Unfortunately, GHC does not support this "higher-rank constraint":

code.hs:32:13: malformed class assertion

Well... the -> of functions and the => of constraints are not as different as they may appear. A Haskell compiler can implement type classes by translating constraints to explicit "dictionary" arguments. Let's do the same thing ourselves:

data Evidence s e where
Evidence
:: (MArray (STUArray s) e (ST s))
=> Evidence s e

We don't quite need to reproduce the MArray methods in our "dictionary". (That's good, because some of them are hidden. A strange class indeed.) It's enough to write a GADT constructor with this constrained type. The constructor will implicitly capture the constraint evidence (such as a dictionary) from its call-site.

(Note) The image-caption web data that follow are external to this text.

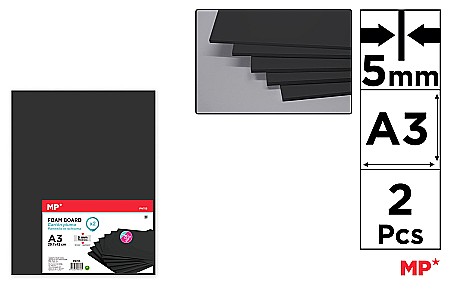 FINE ARTS&GRAPHICS - CARTON MOUSSE IPB A3 5MM 2/SET NEGRU PN705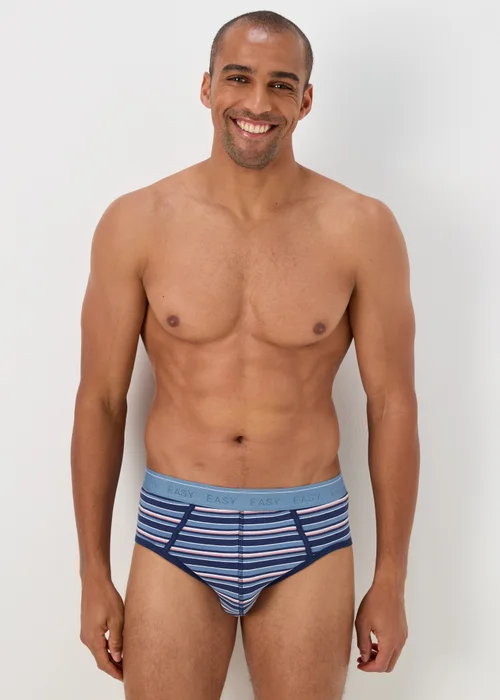 4 Pack Blue Stripe Briefs - Small Image 2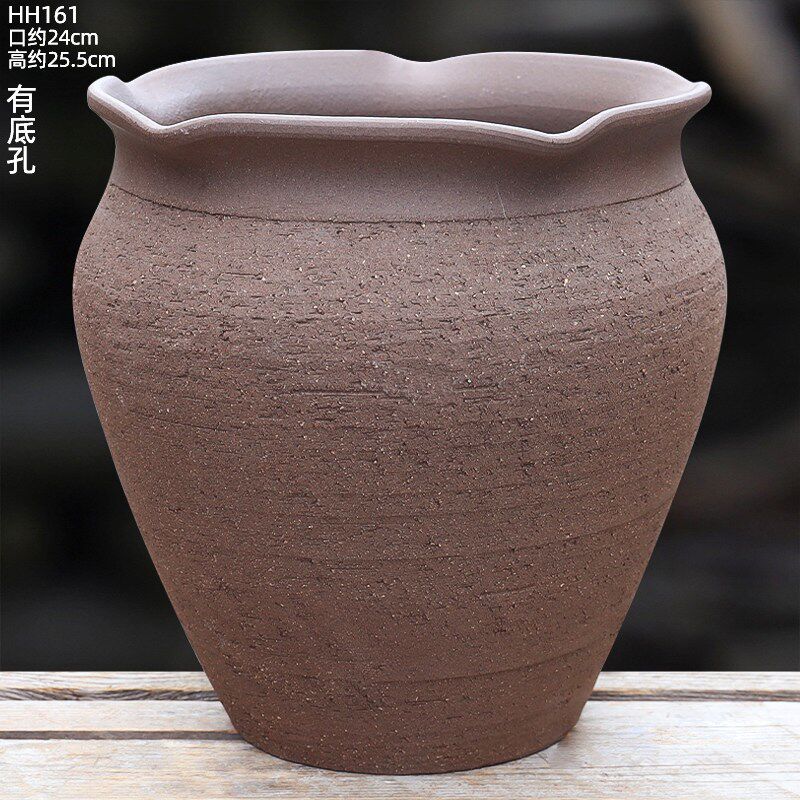 速发无釉陶瓷花盆家用大口径发财树幸福树落地盆特大号复古红陶黑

Now we need to express the universal quantification on s:

data ElemType e = ElemType (forall s. Evidence s e)

A (non-⊥) value of type ElemType e is evidence that e is a suitable element type for STUArray. That's all we wanted the caller to say in the first place!

Now we can pass the appropriate evidence:

sortP_4
:: forall a.
(Ord a)
=> ElemType a
-> [a] -> [a]
sortP_4 (ElemType Evidence) xs = runST (sortM xs)

Not quite:

    Couldn't match expected type `forall s. Evidence s a'
           against inferred type `Evidence s e'
    In the pattern: Evidence
    In the pattern: ElemType Evidence
    In the definition of `sortP_4':
        sortP_4 (ElemType Evidence) xs = runST (sortM xs)

GHC still wants some coaxing to match up this s with the other s. We push the pattern-matching of Evidence inside runST:

sortP_5
:: forall a.
(Ord a)
=> ElemType a
-> [a] -> [a]
sortP_5 (ElemType e) xs = runST (f e) where
f :: Evidence s a -> ST s [a]
f Evidence = sortM xs

And...

[1 of 1] Compiling Main             ( code.hs, interpreted )
Ok, modules loaded: Main.
*Main>

A glorious sight! Then, a moment of concern: is sortP_5 actually usable? Does ElemType have non-⊥ values? Let's check:

*Main> sortP_5 (ElemType Evidence) ([3,4] :: [Int])
[3,4]

Nice. It's sorted and everything. :) As expected, this works only for unboxable types:

*Main> sortP_5 (ElemType Evidence) ["foo","bar"]

<interactive>:1:18:
    Could not deduce (MArray (STUArray s) [Char] (ST s))
      from the context ()
      arising from a use of `Evidence' at <interactive>:1:18-25

As usual, this interesting exercise came from a question on the #haskell IRC channel. That's why it's one of my favorite places, even if they do specialize in making GHC cry.